→ YOUR OBJECTIVE
Everything from the opening line of the listing below to the line that has "Anthropologie elevenses Koel Jumpsuit", inclusive, should be returned exactly, except the pictures.

GIVEN ENTRIES Start Marker

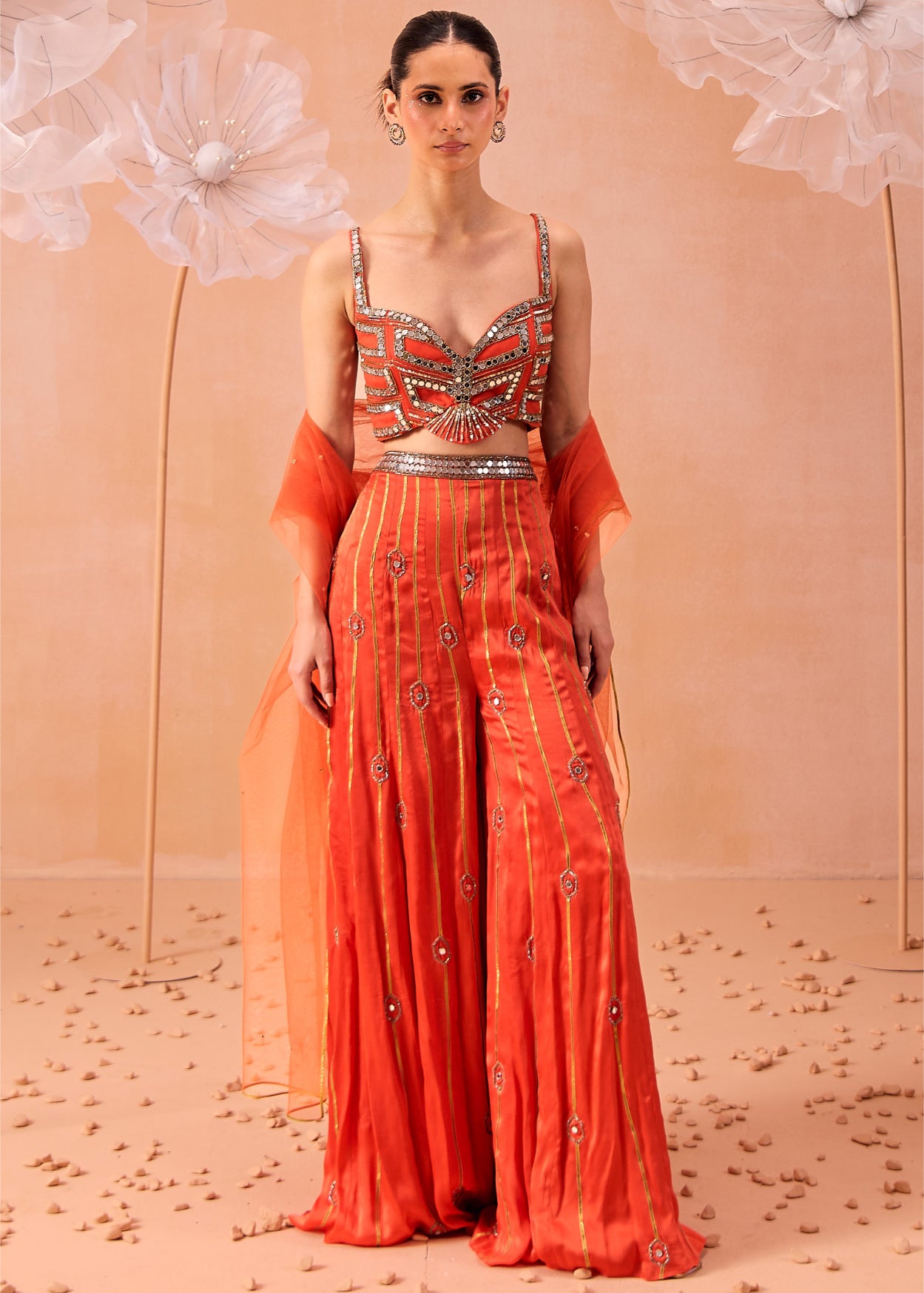 Candy Orange Pant Set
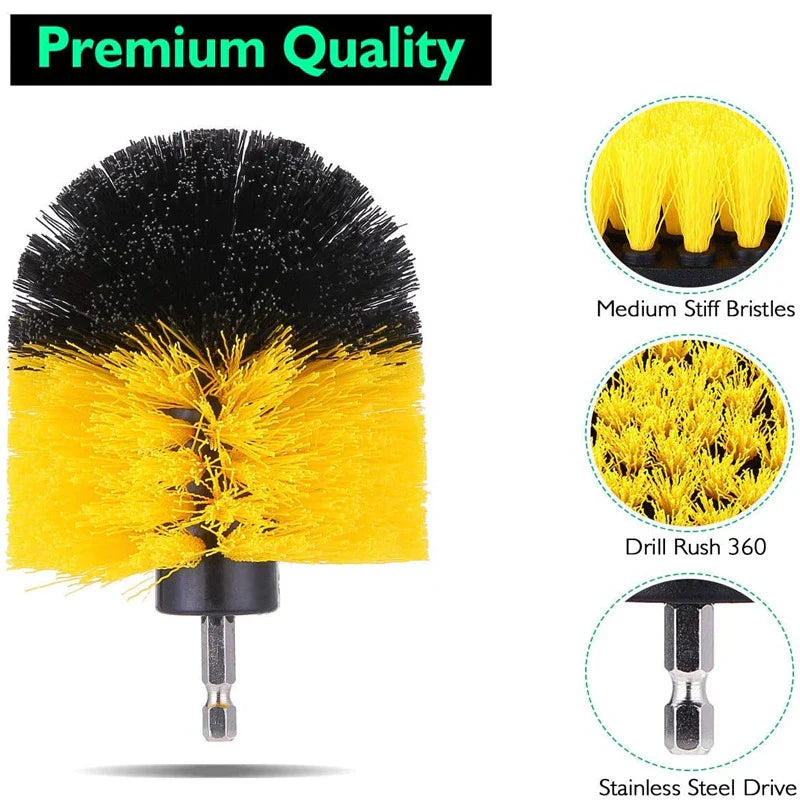 Electric Drillbrush Scrub Pads Grout Power Drills Scrubber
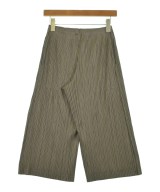 PLEATS PLEASE（プリーツプリーズ）クロップドパンツ カーキ サイズ:2(M位) レディース/2200620914024
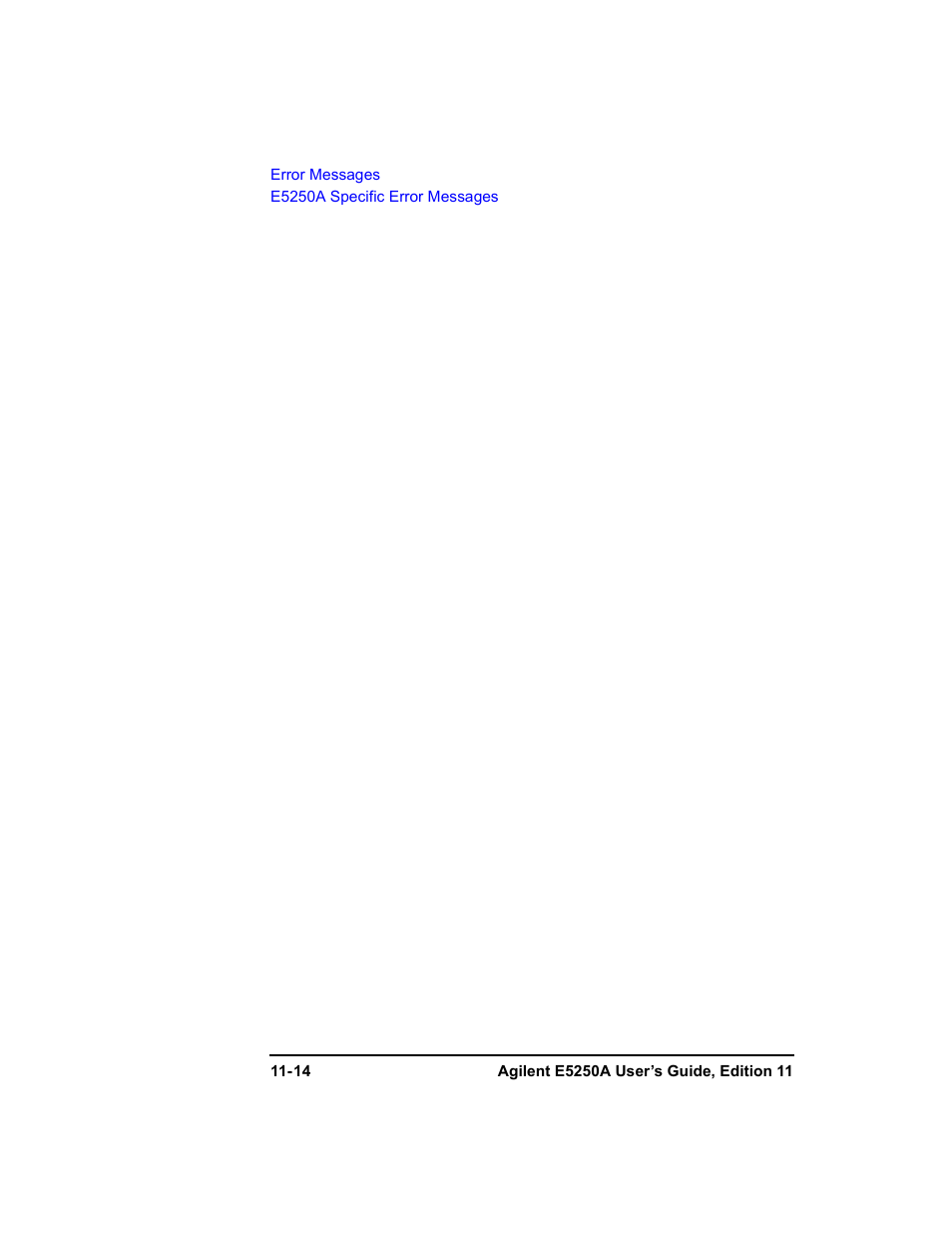Agilent Technologies Agilent E5250A User Manual | Page 318 / 326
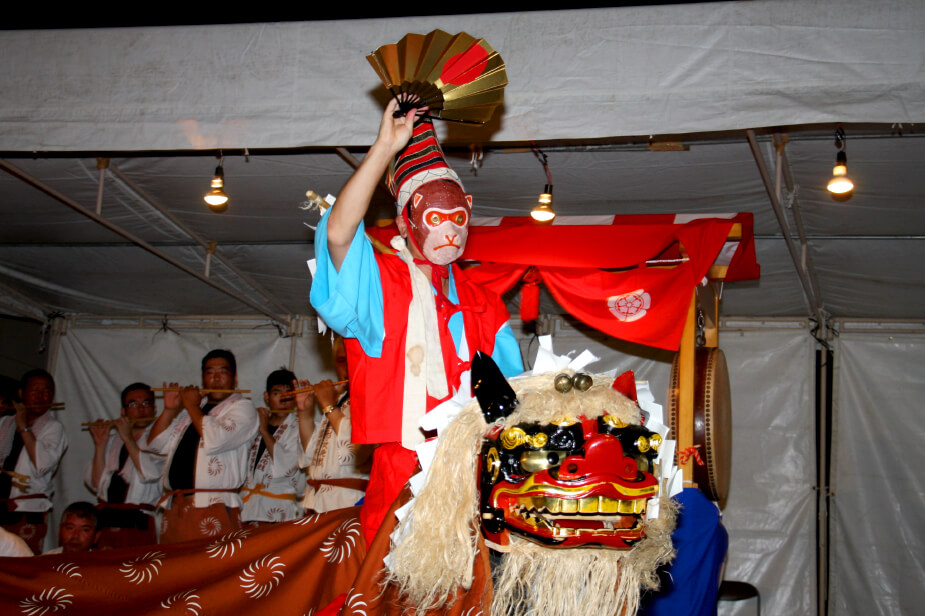 元岡獅子舞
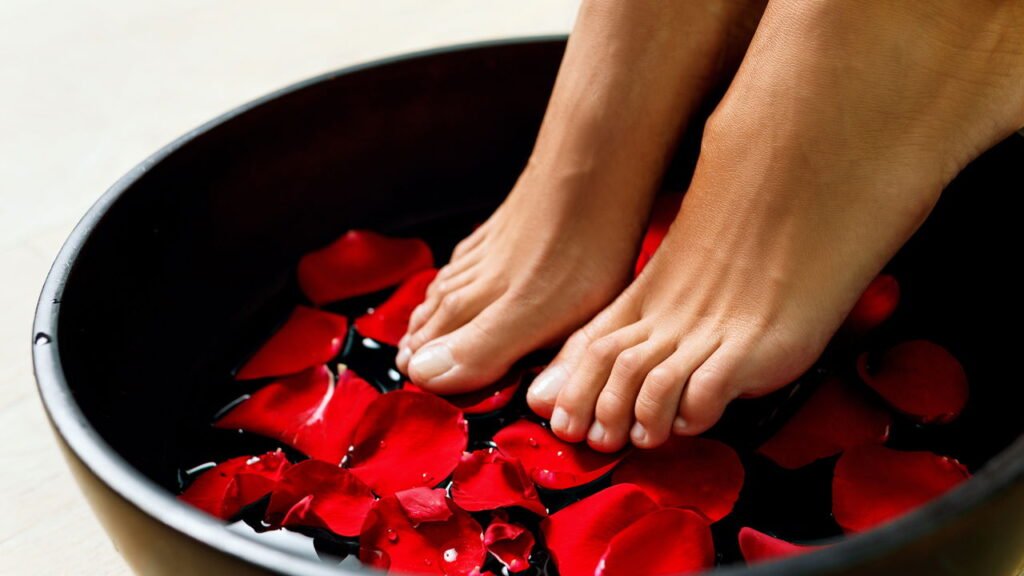 A receita mais eficaz de escalda-pés para aliviar o estresse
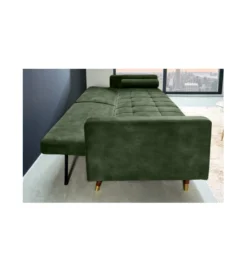 Sofa rozkładana MANILLA 196 cm ciemnozielona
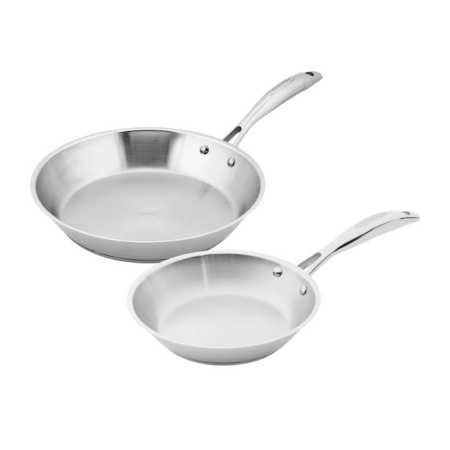 Scanpan STS 2pc Stainless Steel Frypan Set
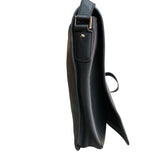 グッチ GUCCI メッセンジャーバッグ 145840 ブラック レザー メンズ ショルダーバッグ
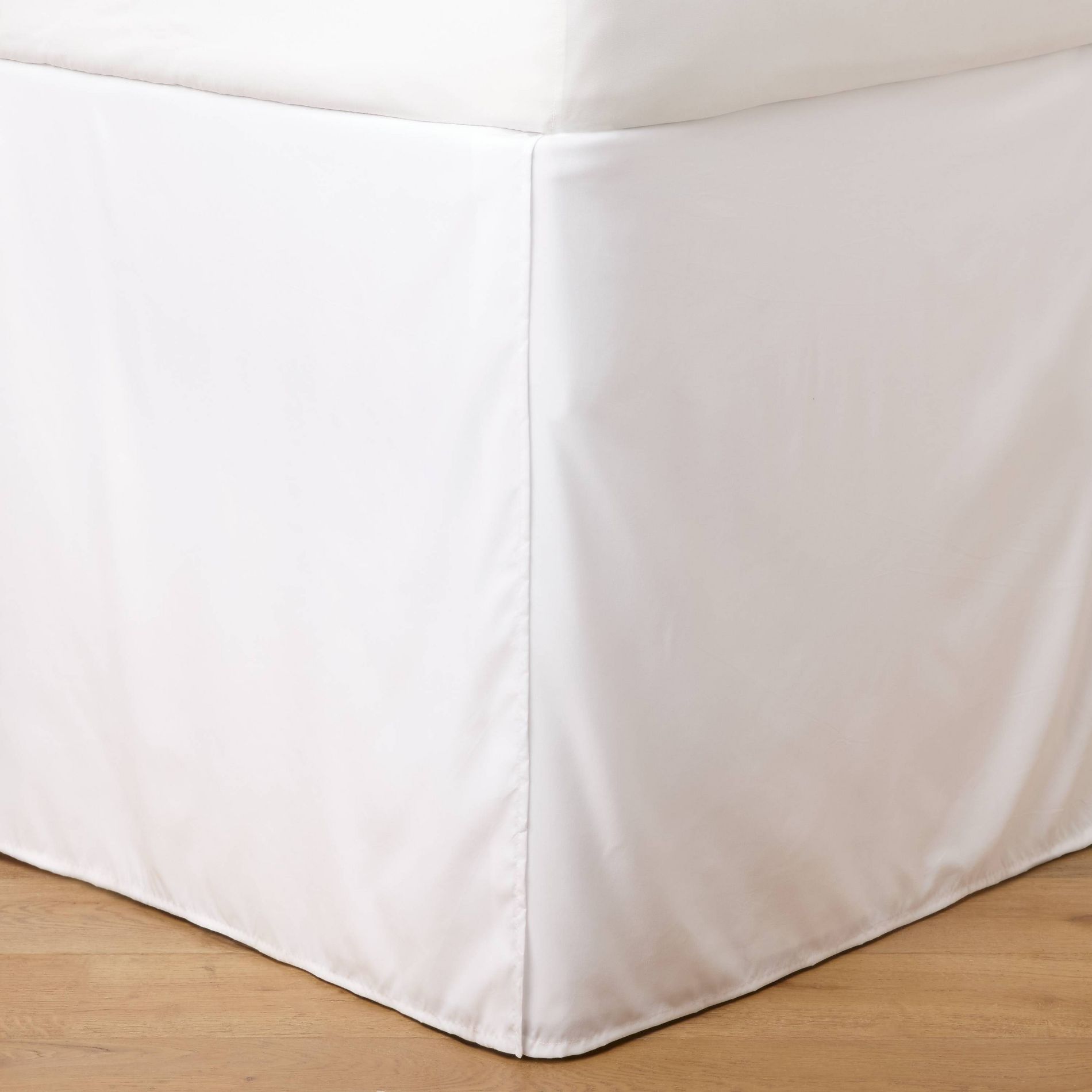 Twin/Twin XL RE Lofted Bows 42" Bed Skirt White - Room Essentials™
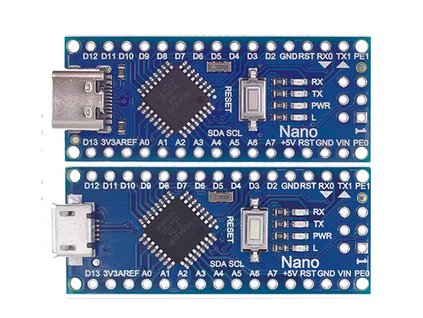 Arduino Nano - ATmega328 (klon) - USB Type-C/Micro (Varianta USB B micro)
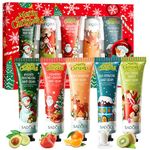 Floral assorted Hand Cream,Hand Cream Gift Sets,Enriched with Shea Butter, Deeply Hydrating & Nourishing Non-Greasy Natural Aloe And Vitamin E For Women Perfect Gifts (chrismas color, 5 * 30g)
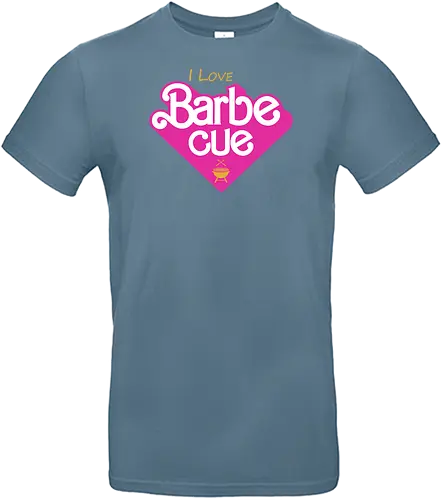 I Love Barbe Cue - doll, pink, barbecue, grill - Standard T-Shirt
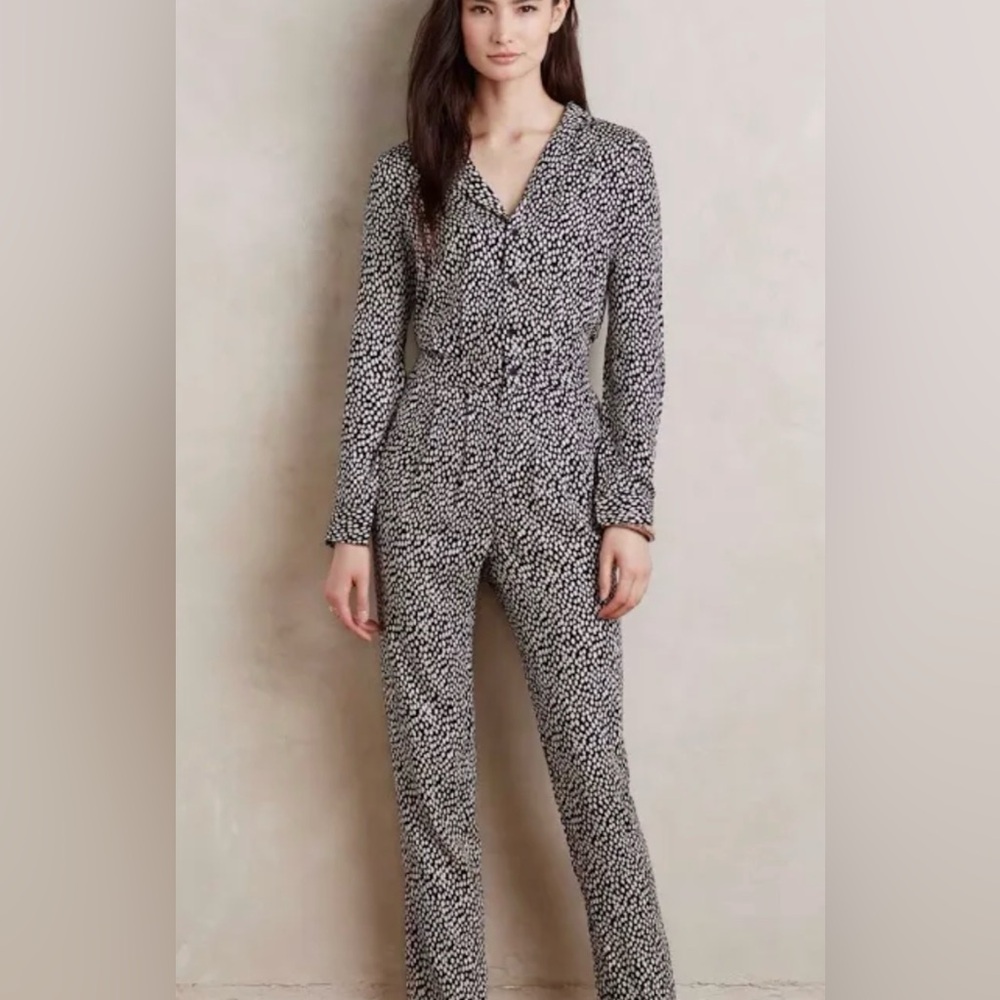 Anthropologie elevenses Koel Jumpsuit
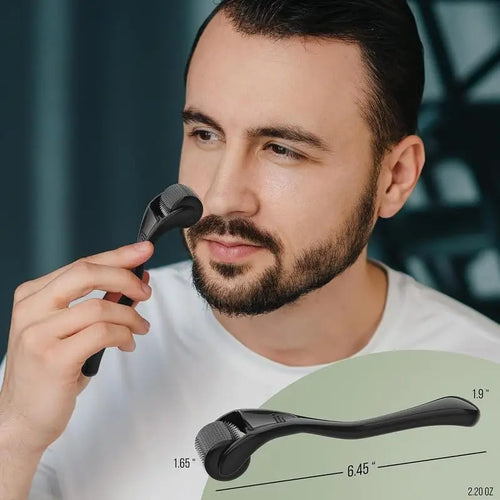 Load image into Gallery viewer, 540 Needles for Facial Body Hair Growth Derma Roller for Skin Beard 0.2mm 0.25mm 0.3mm Needle Micro Face Roll Tool
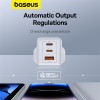Baseus Charger Wall 65W USB-Cx2/USB-A UK+100W USB-C Cable White Baseus Charger Wall 65W USB-Cx2/USB-A UK+100W USB-C Cable White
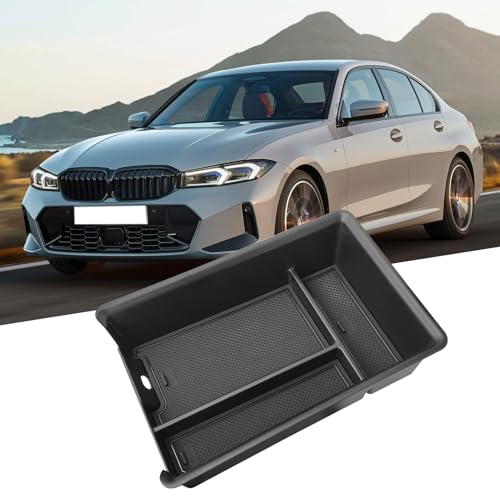 Jaronx Compatible with BMW Center Console Organizer for 3 Series G20 2019-2025/4 Series G22 i4 G26 2021-2025, for BMW 3' Organizer Tray 2019-2025, i4/4' Console Storage Box 2021-2025 - size: G20/G22 Console Organizer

GIVEN ENTRIES End Marker

→ EXERCISE ANSWER
 Candy Orange Pant Set
 Electric Drillbrush Scrub Pads Grout Power Drills Scrubber
 PLEATS PLEASE（プリーツプリーズ）クロップドパンツ カーキ サイズ:2(M位) レディース/2200620914024
Agilent Technologies Agilent E5250A User Manual | Page 318 / 326
 元岡獅子舞
 A receita mais eficaz de escalda-pés para aliviar o estresse
 Sofa rozkładana MANILLA 196 cm ciemnozielona
 Scanpan STS 2pc Stainless Steel Frypan Set
 グッチ GUCCI メッセンジャーバッグ 145840 ブラック レザー メンズ ショルダーバッグ
 Twin/Twin XL RE Lofted Bows 42" Bed Skirt White - Room Essentials™
 Arduino Nano - ATmega328 (klon) - USB Type-C/Micro (Varianta USB B micro)
 Floral assorted Hand Cream,Hand Cream Gift Sets,Enriched with Shea Butter, Deeply Hydrating & Nourishing Non-Greasy Natural Aloe And Vitamin E For Women Perfect Gifts (chrismas color, 5 * 30g)
 I Love Barbe Cue - doll, pink, barbecue, grill - Standard T-Shirt
 Anthropologie elevenses Koel Jumpsuit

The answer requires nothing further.